═══ Data provided ═══
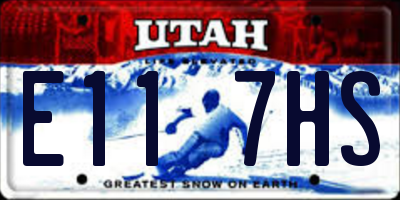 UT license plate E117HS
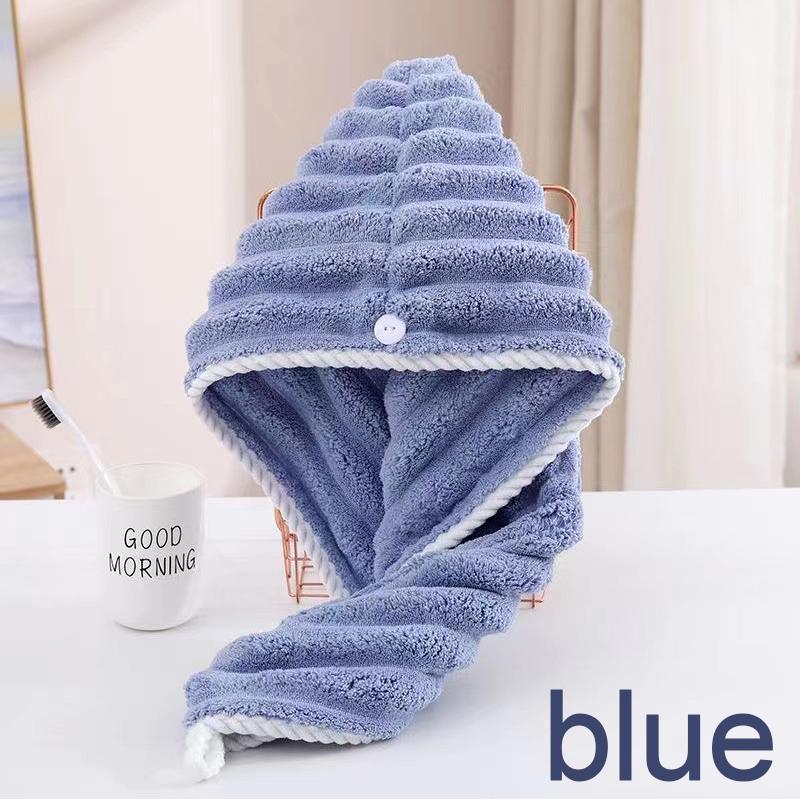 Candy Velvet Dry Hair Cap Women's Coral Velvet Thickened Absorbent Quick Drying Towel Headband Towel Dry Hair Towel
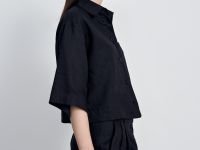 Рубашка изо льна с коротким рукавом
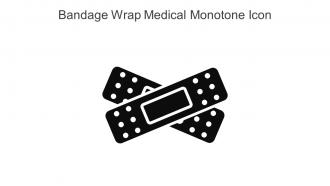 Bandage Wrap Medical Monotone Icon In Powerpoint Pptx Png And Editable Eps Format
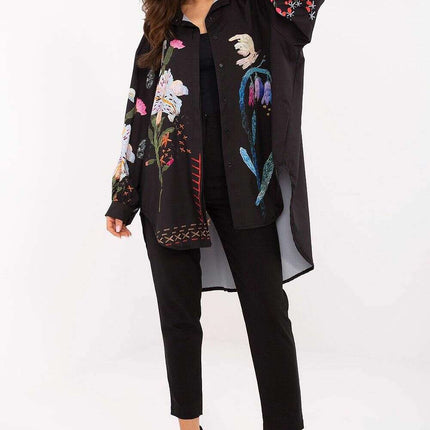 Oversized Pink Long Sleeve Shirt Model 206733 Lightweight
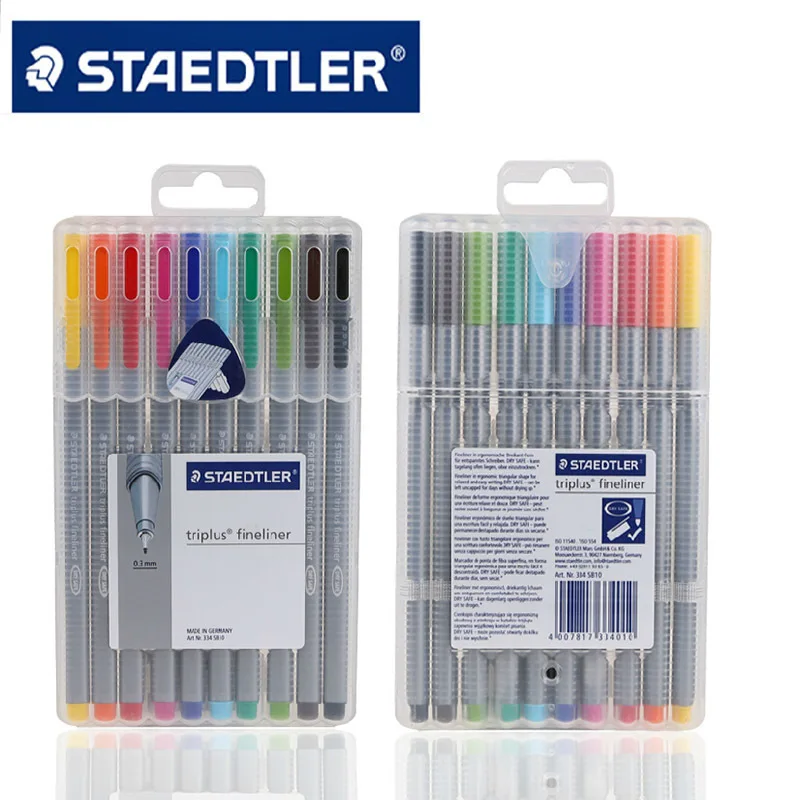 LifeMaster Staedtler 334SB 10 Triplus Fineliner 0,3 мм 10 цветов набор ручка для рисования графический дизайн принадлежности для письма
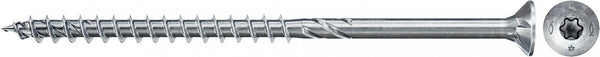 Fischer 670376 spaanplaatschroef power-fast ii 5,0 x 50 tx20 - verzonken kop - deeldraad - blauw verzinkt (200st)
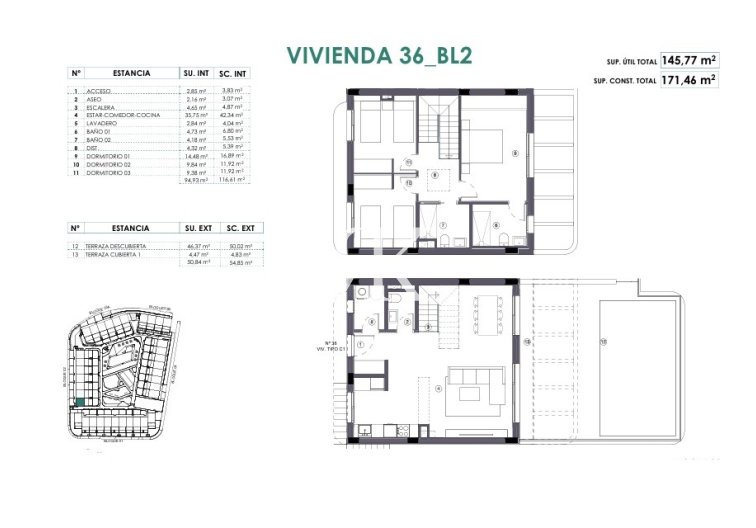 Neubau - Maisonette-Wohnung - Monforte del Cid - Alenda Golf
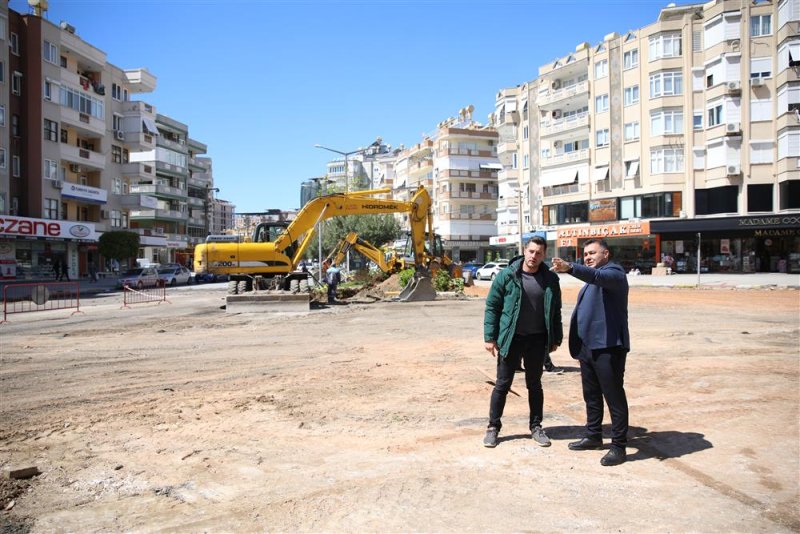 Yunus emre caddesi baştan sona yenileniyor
═══
═══ Data provided ═══
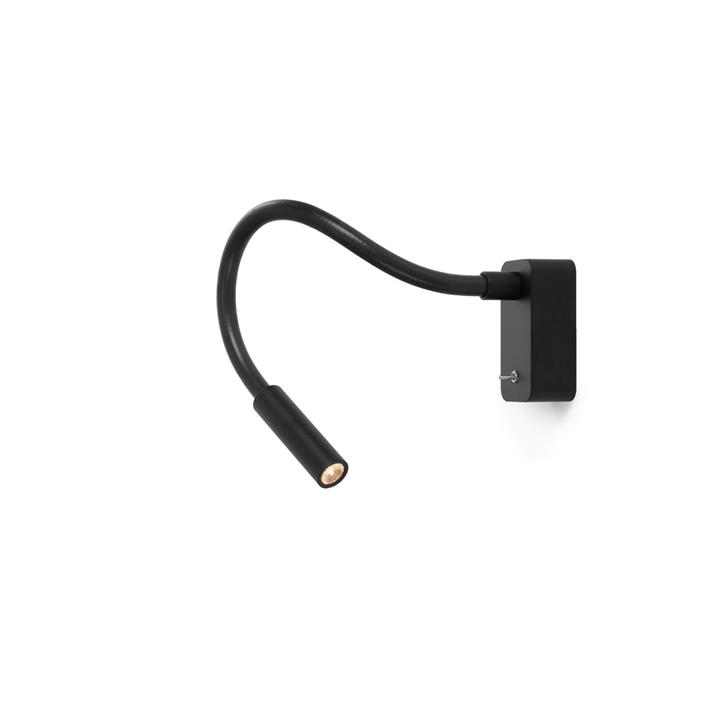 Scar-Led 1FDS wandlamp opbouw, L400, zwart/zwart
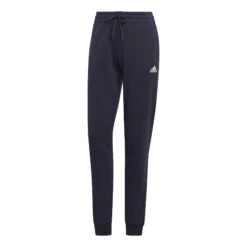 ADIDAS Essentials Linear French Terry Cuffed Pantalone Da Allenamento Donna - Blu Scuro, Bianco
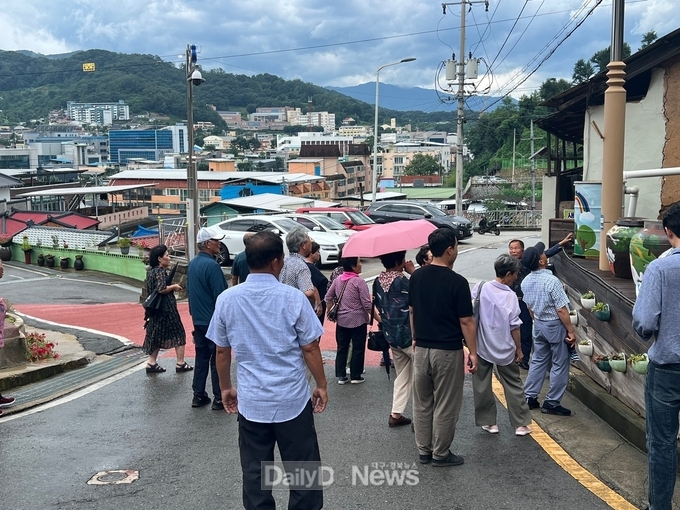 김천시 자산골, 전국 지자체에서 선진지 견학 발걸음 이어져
═══
═══ Data provided ═══
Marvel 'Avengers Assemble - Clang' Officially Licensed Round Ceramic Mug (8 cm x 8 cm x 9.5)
═══
Required work
Output exactly the lines above that lie between the line with "Oversized Pink Long" and the line with "Yunus emre caddesi baştan sona yenileniyor", those two lines included, and no pictures.

Reply
 Oversized Pink Long Sleeve Shirt Model 206733 Lightweight
 LifeMaster Staedtler 334SB 10 Triplus Fineliner 0,3 мм 10 цветов набор ручка для рисования графический дизайн принадлежности для письма
 Fischer 670376 spaanplaatschroef power-fast ii 5,0 x 50 tx20 - verzonken kop - deeldraad - blauw verzinkt (200st)
 Neubau - Maisonette-Wohnung - Monforte del Cid - Alenda Golf
 Yunus emre caddesi baştan sona yenileniyor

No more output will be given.